*** Entries shown ***

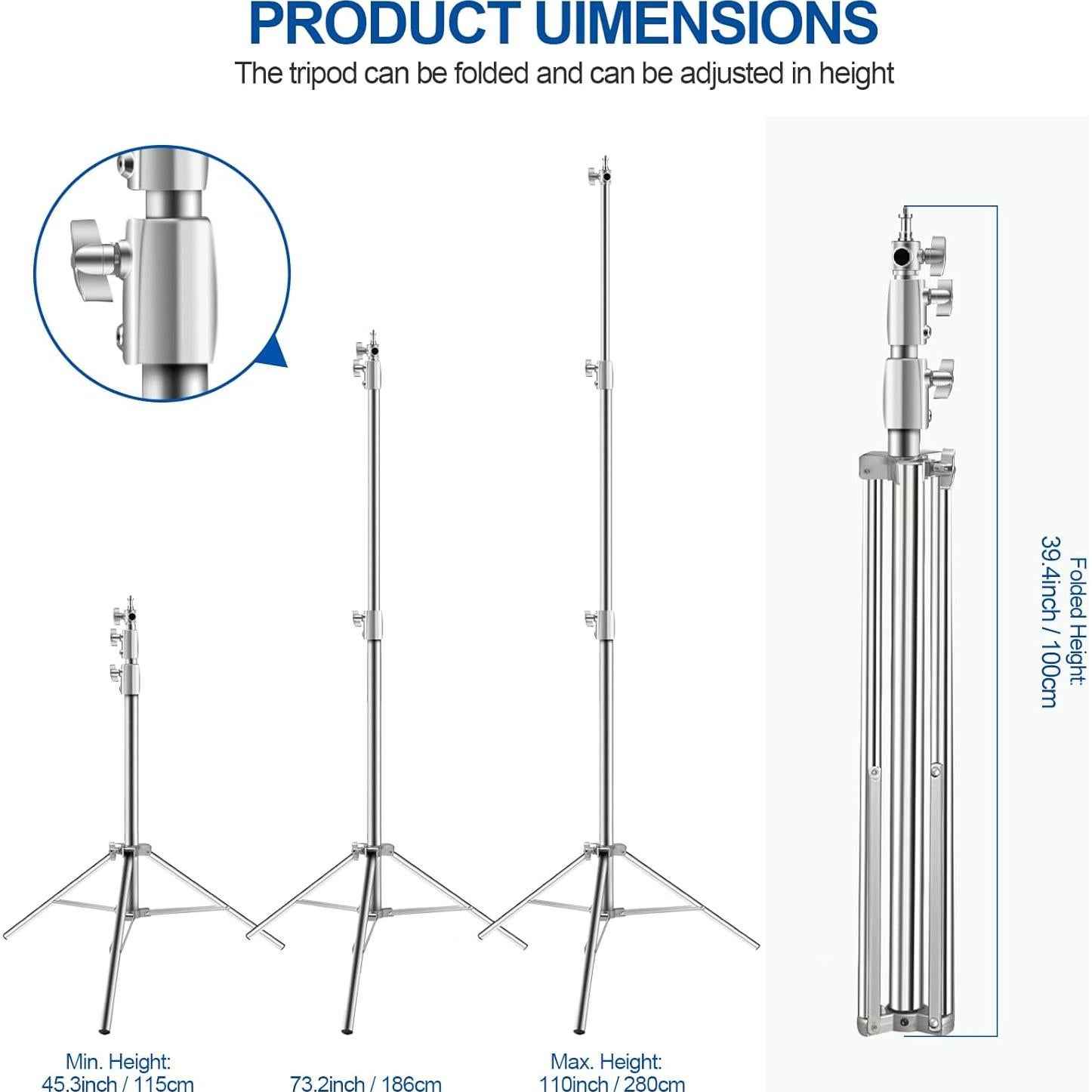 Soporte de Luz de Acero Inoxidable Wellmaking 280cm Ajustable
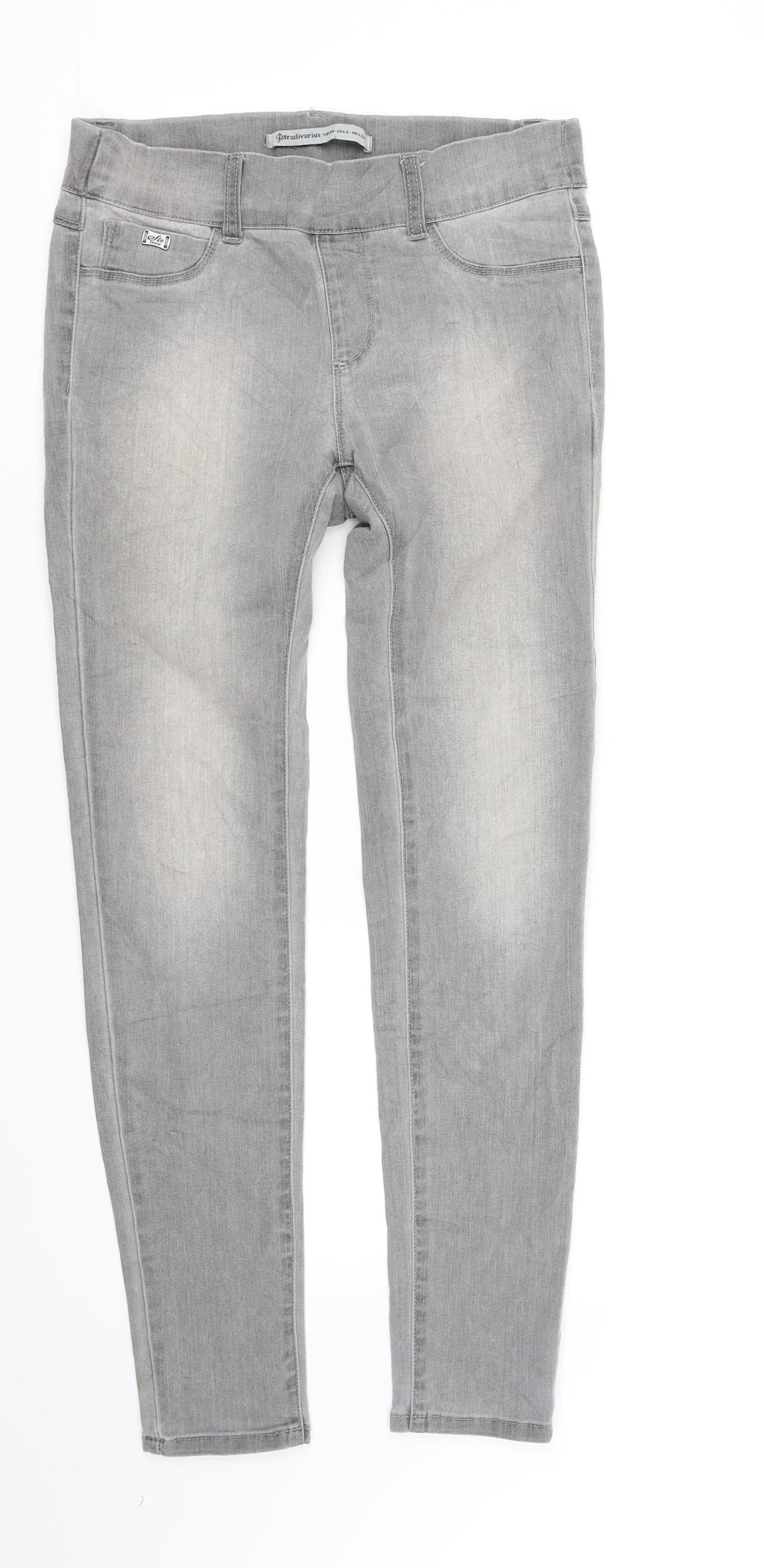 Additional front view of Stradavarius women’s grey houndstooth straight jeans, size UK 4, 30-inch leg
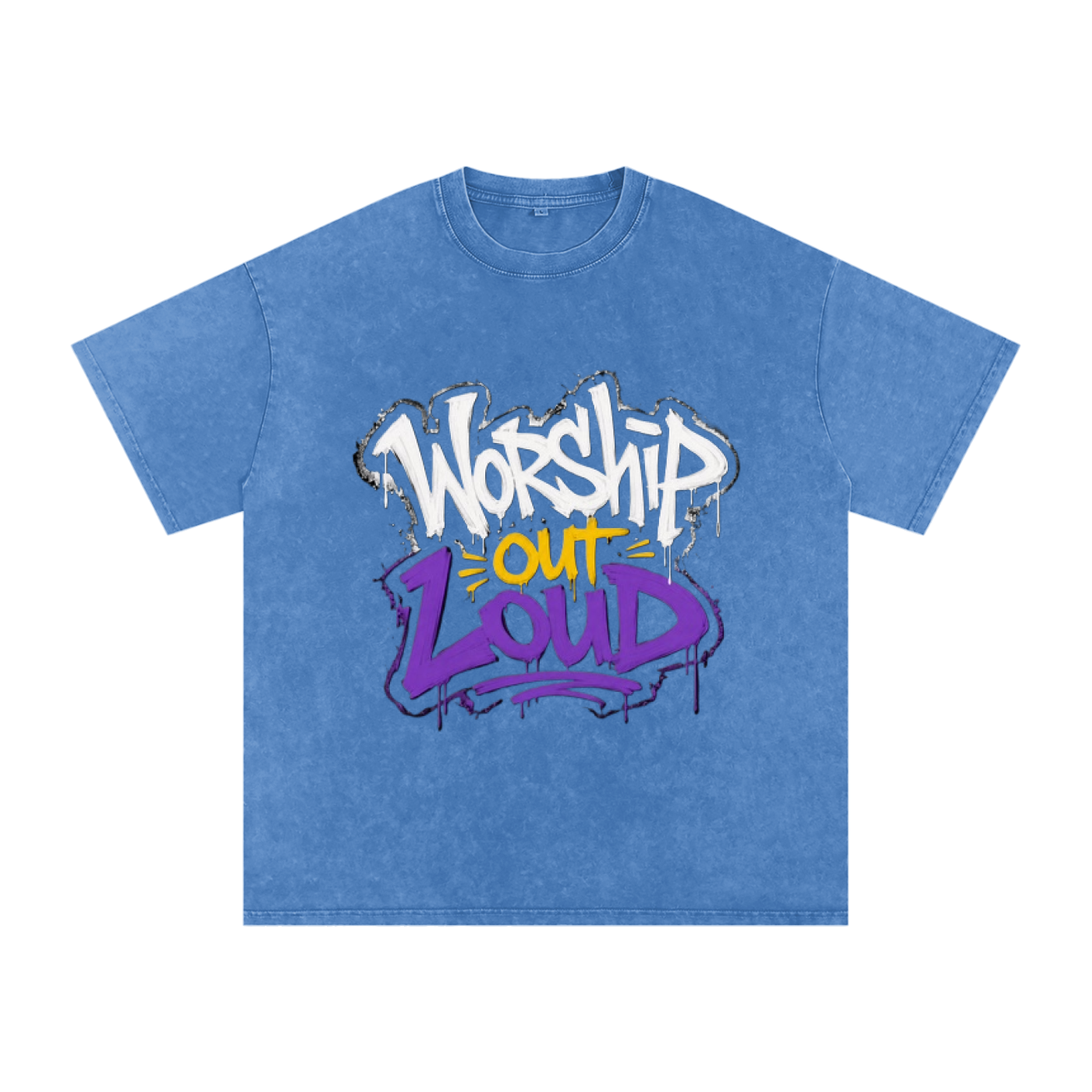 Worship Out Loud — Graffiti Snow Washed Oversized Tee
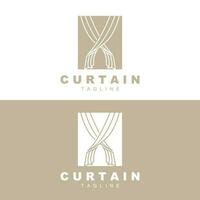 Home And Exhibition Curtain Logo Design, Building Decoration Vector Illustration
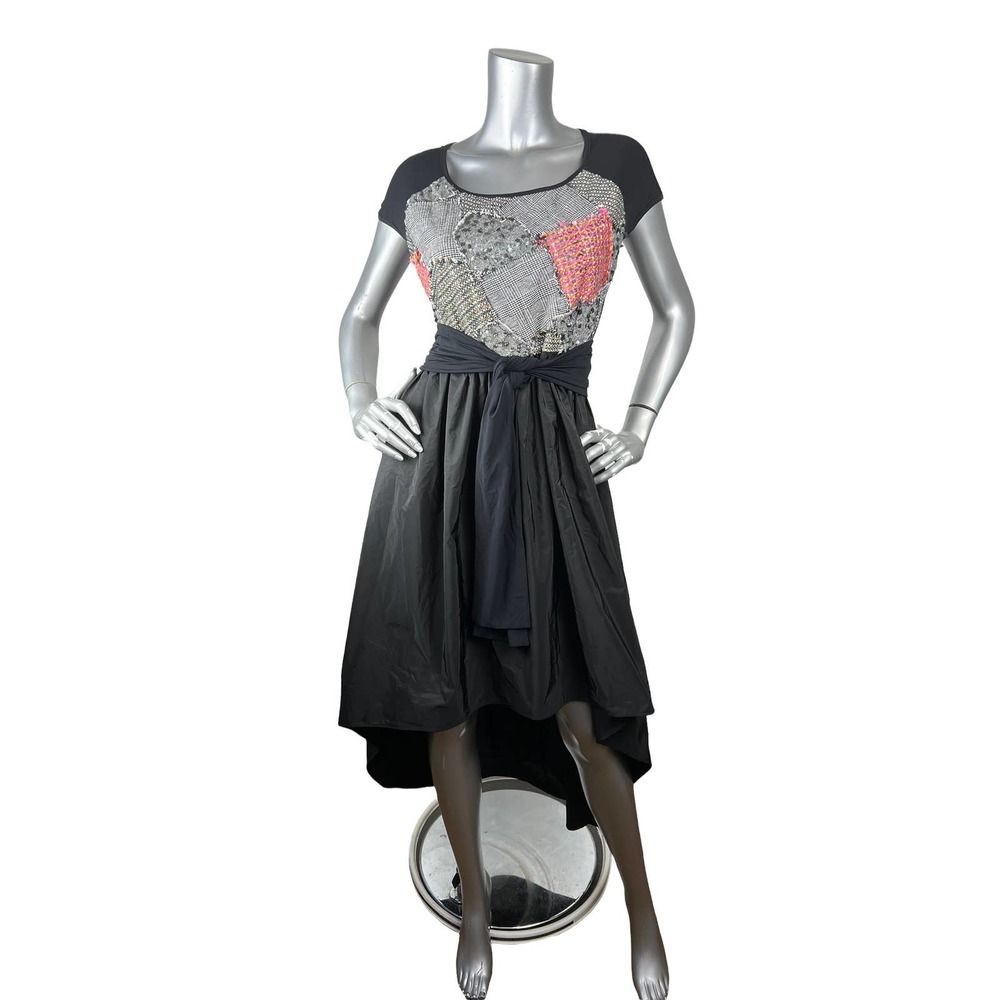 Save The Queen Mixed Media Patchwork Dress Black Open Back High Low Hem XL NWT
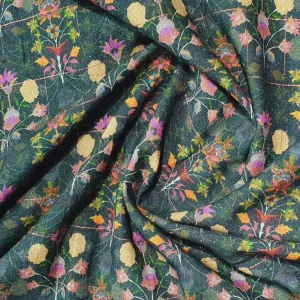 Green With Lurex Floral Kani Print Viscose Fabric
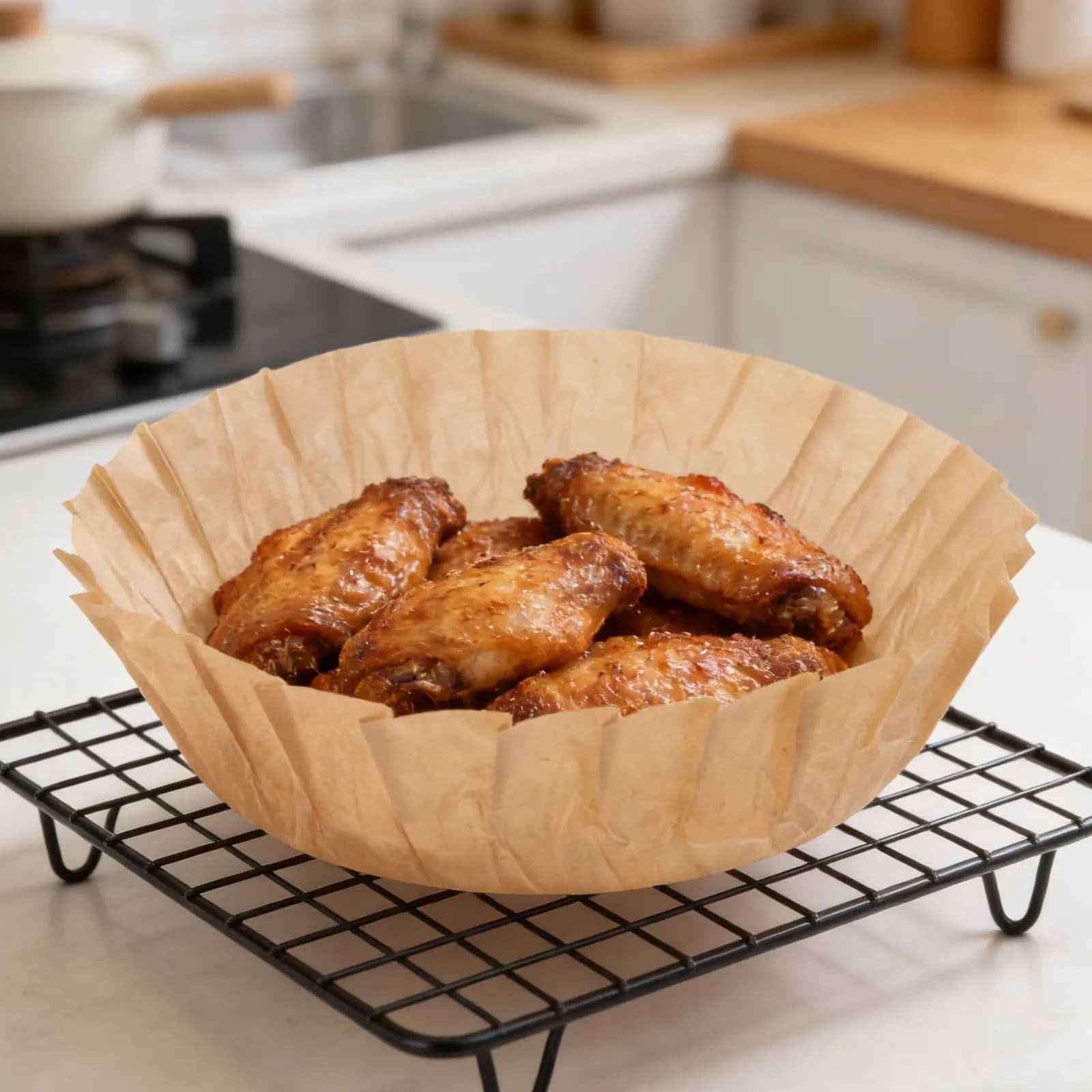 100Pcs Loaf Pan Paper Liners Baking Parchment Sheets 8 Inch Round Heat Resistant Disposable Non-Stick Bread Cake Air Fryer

***

Task prompt: Everything in the records above must be restated verbatim, save for the pictures.

Output of the task:
 Soporte de Luz de Acero Inoxidable Wellmaking 280cm Ajustable
 Additional front view of Stradavarius women’s grey houndstooth straight jeans, size UK 4, 30-inch leg
 Worship Out Loud — Graffiti Snow Washed Oversized Tee
 Home And Exhibition Curtain Logo Design, Building Decoration Vector Illustration
 Save The Queen Mixed Media Patchwork Dress Black Open Back High Low Hem XL NWT
 Green With Lurex Floral Kani Print Viscose Fabric
 100Pcs Loaf Pan Paper Liners Baking Parchment Sheets 8 Inch Round Heat Resistant Disposable Non-Stick Bread Cake Air Fryer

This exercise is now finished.